Hey Crispin, thanks for continuing the conversation!

On Tue, Sep 27, 2016 at 6:59 PM, Crispin Cowan <crispin@microsoft.com>
wrote:

> On Tue, Sep 27, 2016 at 9:43 AM, Crispin Cowan <crispin@microsoft.com>
> wrote:
>
> I agree that an origin is not to be trusted if it comes via HTTP.
>
>
>
> With that premise, I'd suggest that allowing HTTP arbitrary access to
> programs running on your local computer is a dangerous thing to do.
>
> *[Crispin] I did not say “arbitrary”, I specified post CORS preflight.
> Websites get to *request* access to loopback services, and those that wish
> to respond get to do so.*
>

Right now, it doesn't look like any browser is anywhere near making the
preflight proposal happen. Blink has a partial implementation, but a real
implementation that actually knows about socket connections before a
response comes in is difficult given our architecture. I'm on it, but it's
slow going (mostly because I have no idea what I'm doing, and happy
eyeballs is weird).

I'll feel better about this assertion about the power of access controls
when y'all are actually working on an implementation. As-is, it feels like
making theoretically perfect the enemy of the practically good. :)
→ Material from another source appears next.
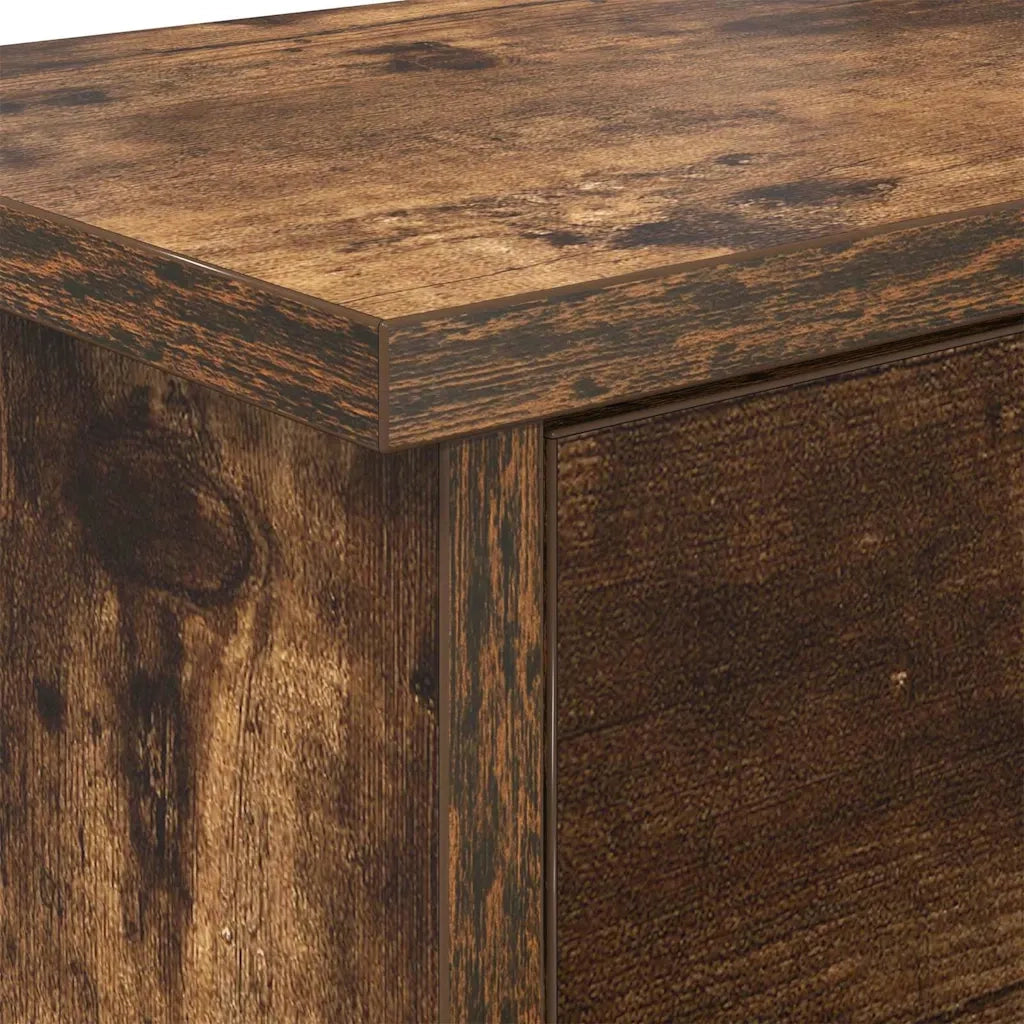 Appendiabiti a muro con lo scaffale Rovere fumé 80 x 20 x 30 cm 874343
> I made some arguments against this conclusion in my last email. What do
> you think about them?
>
> *[Crispin] Your argument that I could find is that opt-in is meaningless
> in the presence of a network attacker. This is not true, for 2 reasons:*
>
> *1.       *The loopback service can do its own end-to-end authentication.
> AuthN and crypto are always possible over cleartext channels.
>
Assuming that any local server went through the trouble of designing a
reasonable signing scheme (I have doubts), a network attacker who can
inject JavaScript into the non-secure origin can use whatever machinery is
tied to that origin in order to read and construct messages.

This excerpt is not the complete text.